Don’t give up

27 Nov

The head teacher came into my tutor group the other day. ‘Can I have a word? I have a new student for you; you’re good with the naughty ones aren’t you? I’m giving you Ben. He starts next week, but I wouldn’t worry about him, I’ll have him out by Christmas’
And thus started my journey into Special needs. Ben had a marked and moving effect on me. He, single handed, is the reason why I am now a special needs teacher. When I tell his story, even to this day it upsets me.
He was your typical ‘naughty boy’. A bit unkempt, extremely thick school file and a long list of ‘previous schools’.  Ben’s life at home was rather complex. He was the oldest of several siblings who lived with their mother. Social services knew the family well.
It was the small signs that spoke volumes. He would turn up to school with only some of his uniform, sometimes wearing girls socks, often had no lunch, and whenever he was anywhere near the deputy head’s office ALL the complimentary biscuits were gone in a flash.
But, he loved his mother dearly and would do ANYTHING for her. In fact I think he did most things for her. He knew far too much for his age, and before very long some of his siblings were no longer allowed to live at home.
School was the least of his worries.  He was an extremely intelligent boy, and sadly Teachers didn’t have time for him. All they saw was the answering back, disruptive behaviour and violent outbursts. He was regularly sent out of lessons and this concerned me. I was NOT going to allow the head to determine his future based on a reputation that preceded him.
Ben and I struck up a deal. If he was ever in trouble in school he agreed he would come to me, work and all. This happened extremely regularly indeed.  But, he was coping, amongst the hell that was his life. I fought against exclusion when he broke a fire door; I regularly defended him to the head teacher and rescued him from several more exclusions, becoming his rock, his shoulder to cry on.
We talked at length about all sorts. He would often ask about his rights, talked about his father, and the anger he felt for the fact that he left the family when he was young. He missed his younger brothers, there was only him and his sister at home now, and when social services went round it had been very ugly.
I knew things were still tough though. I heard from the police that his absence one day was because he was in the police cells. All sorts of things spun through my head. But in the end I was deeply saddened to discover that he had been arrested for stealing food.
Some details I feel are even too sad to share, but this was just the tip of the ice berg.
Disaster struck the day I heard the news from the hospital about my long awaited major knee operation. It was on the first day of the autumn term. I feared this was the opportunity the head was looking for. I was distraught. What would Ben do without me? I honestly worried that he would not cope.
We arranged a support Network involving staff he preferred, and I thought I had everything covered. Even though I was only a teacher, I felt I had become his social worker.
I bid him farewell, reassured him he would be ok, and departed for the summer break.
The news reached me shortly after I got out of hospital. On the third day back after the summer break, Ben has been caught trying to start a fire in a classroom. The head permanently expelled him. That goodbye in July had been the last time I would see Ben.
I was inconsolable. I had deserted him. He needed me and I was not there. I felt truly awful, words cannot describe my distress. I tried to find out what had happened to him next. Data protection prevented me from finding out anything more.
A message to Ben if I could talk to him now would be thus:
‘I am truly sorry I wasn’t there for you when you needed me but you must understand that my heart was with you. I hope life has been kind to you. You are never far from my thoughts and I want to thank you for helping me find my own path in special needs teaching, one I wouldn’t have found without you’

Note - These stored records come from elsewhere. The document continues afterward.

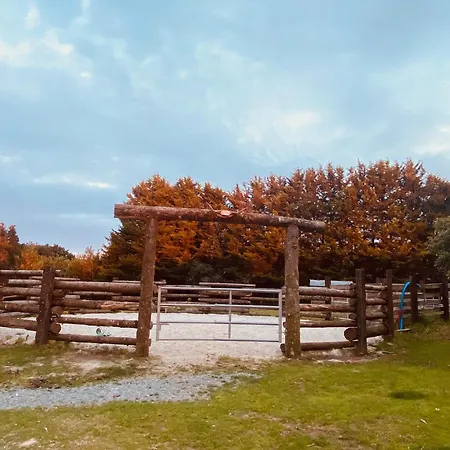 Ferienwohnung Escapade Dans Un Ranch Le Sourn Exterior foto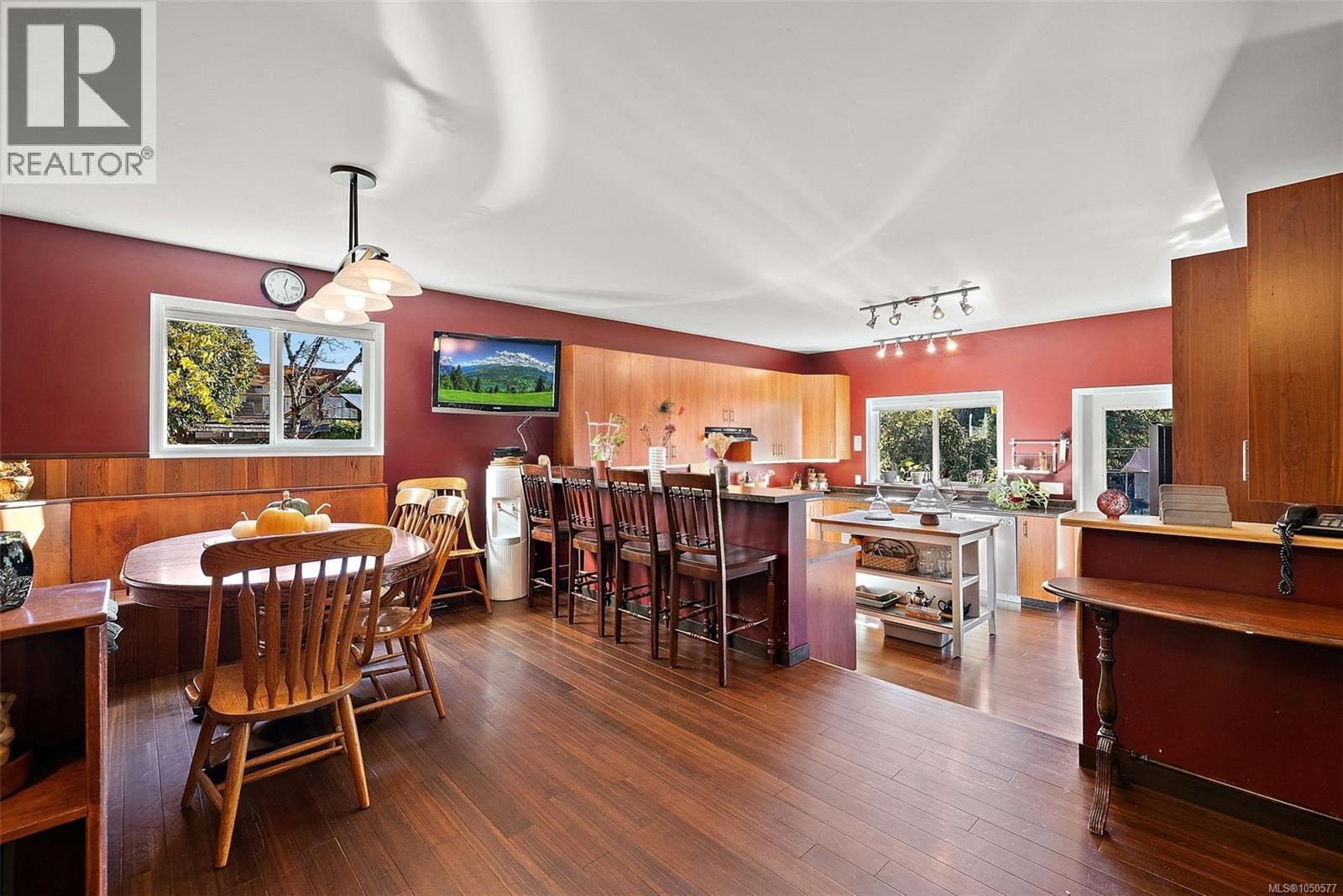1321 Prillaman Ave, Saanich - Image 1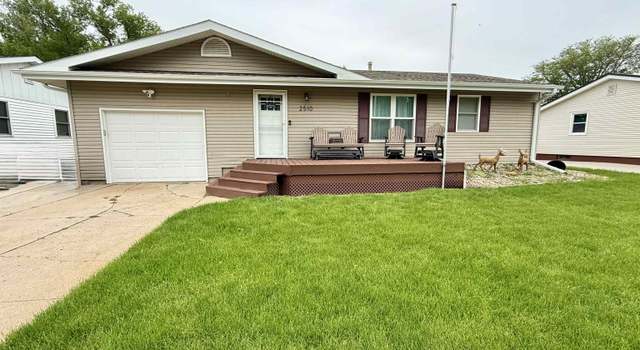 Photo of 2510 Boyce St, Hastings, NE 68901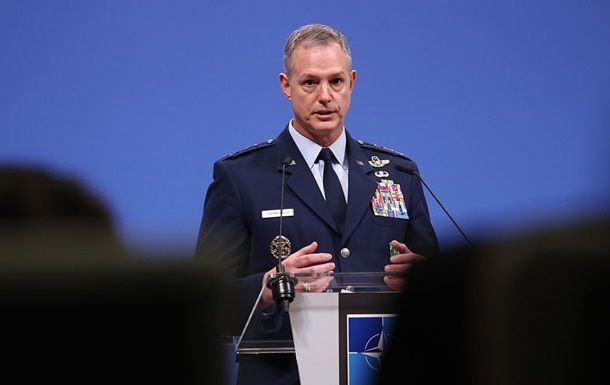 Недостаток военно-морских ресурсов США для противодействия иранской баллистике сообщил командующий Еврокомандованием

3 Responses to “Don’t give up”

  1. David November 29, 2010 at 06:58 #

    This was not your fault. You worked as hard as you could for Ben, but at the end of the day, sometimes your best just isn't enough, you need more of a community to give their utmost as well.

    Your headmaster failed Ben, the system failed him, but I'm sure if you ever talk to him, you will always be a hero in his eye.

  2. Joe Bower November 29, 2010 at 08:08 #

    Don't beat yourself up over this. Don't be sad that it ended this way; rather be happy you had the time you had together.

  3. nuuutymel November 29, 2010 at 09:42 #

    David, thanks for that. I know that many other people failed him, it just makes me angry that still the agencies dont know how to co-ordinate and communicate. Thank you for the reassurance though.

    Joe, I am of course eternally grateful for the time i had with Ben, because without that, i would not be a special needs teacher now. At the time, i was a mainstream music teacher, and his tutor. He would come down to me regularly when he was having trouble, and sit in one of my practice rooms.

    My path into special needs was as a direct result of the outcome of this story. I wanted to be in a position where i could make more of a difference to those who needed that extra bit of support.